Y, puestos a hablar de presiones, el caso Faisán, que investigaba un chivatazo dado por funcionarios policiales españoles a la red etarra encargada del cobro del chantaje terrorista, merece mención propia. Los permanentes obstáculos que surgían cada vez que avanzaban las pesquisas obligaron a un esfuerzo redoblado. Desde pruebas manipuladas hasta análisis intencionadamente incorrectos hacían presagiar que el caso estaba predestinado al archivo, pero no fue así. Dos mandos policiales que intervinieron en la operación fueron juzgados, y el Tribunal Supremo los condenó en sentencia firme por un delito de revelación de secretos.

Para entonces, Ruz había dejado de ser el sustituto para ganarse a pulso un hueco propio en la historia de la Audiencia Nacional. Ganó también fama de hombre meticuloso, prudente y extremadamente trabajador mientras sus decisiones despistaban una y otra vez a aquellos que buscaban en sus autos su adscripción política e ideológica para cargar el arma de la crítica.

La opinión que de él tenían sus compañeros jueces mejoró a medida que Ruz consolidaba pruebas y cerraba casos abiertos en el juzgado para elevarlos a la Sala de lo Penal, ya preparados para el juicio. Algunos magistrados que a su llegada recelaban de él —«argumenta bien, pero ser lento y precavido no está claro que sea bueno para un juez»— reconocen que su esfuerzo y minuciosidad constantes fueron determinantes para sacar adelante tantos expedientes abiertos.

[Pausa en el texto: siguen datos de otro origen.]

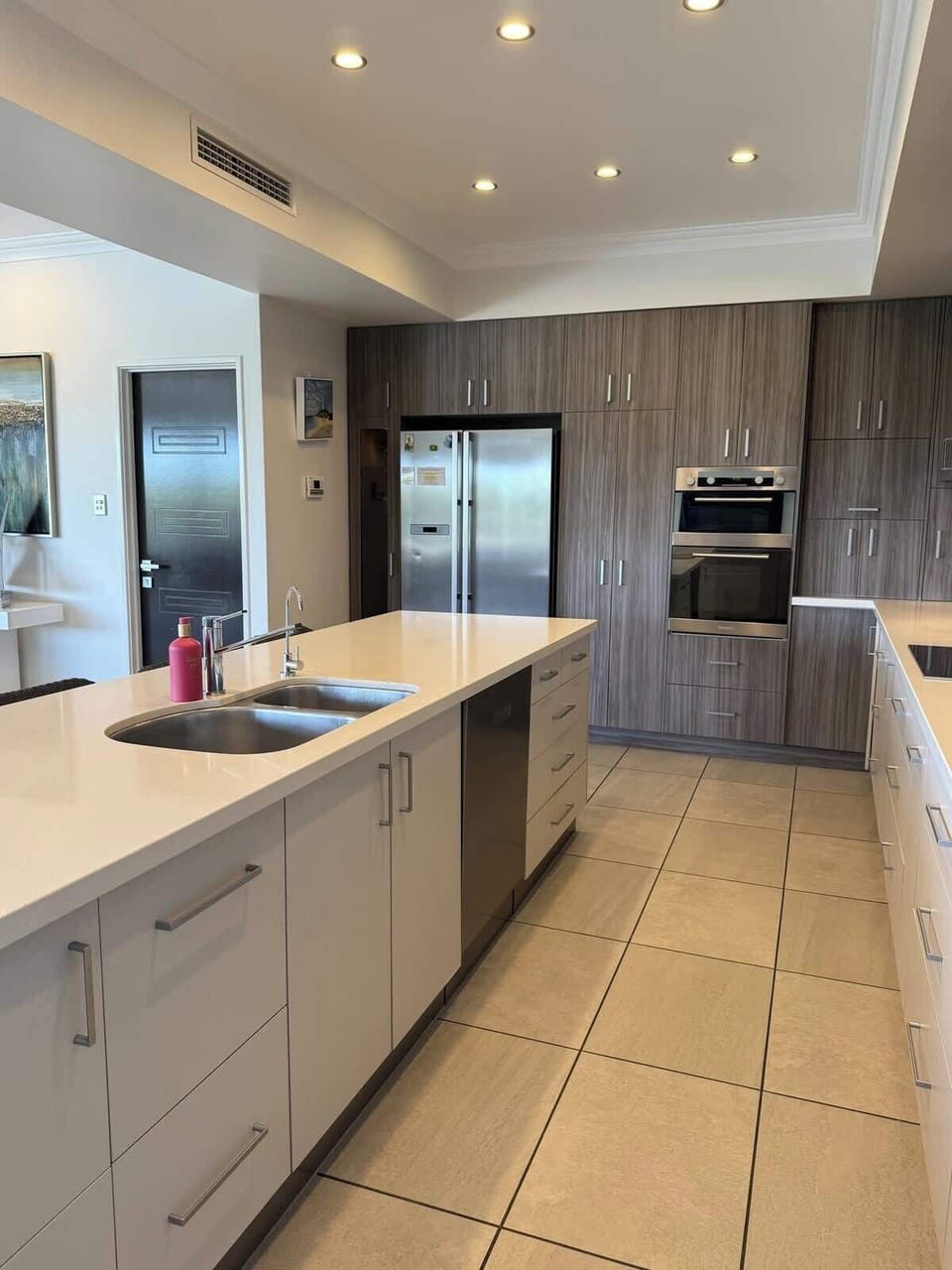 Bright, modern kitchen featuring expansive countertops, abundant cabinetry, and premium appliances for effortless cooking and entertaining.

Son centenares los abogados que han visto a Ruz en plena acción y destacan su capacidad de intervención en los interrogatorios, «que algunos jueces dejan en manos de la Fiscalía, pero que él dirigía con conocimiento e interés», reconocen. A la recíproca, el juez tuvo siempre muy en consideración el papel de los defensores en el sumario, aunque a veces tuvo que despertarles el celo profesional ante su pasividad a la hora de velar por los intereses de sus clientes. «En ocasiones me he visto obligado a excitar esa labor de auxilio en el abogado, y eso es triste. Cuando uno ve que la persona imputada que tiene delante no tiene una defensa digna, las consecuencias son devastadoras y poco se puede hacer ya», les reprochó en una conferencia ofrecida a un aforo abarrotado de abogados madrileños.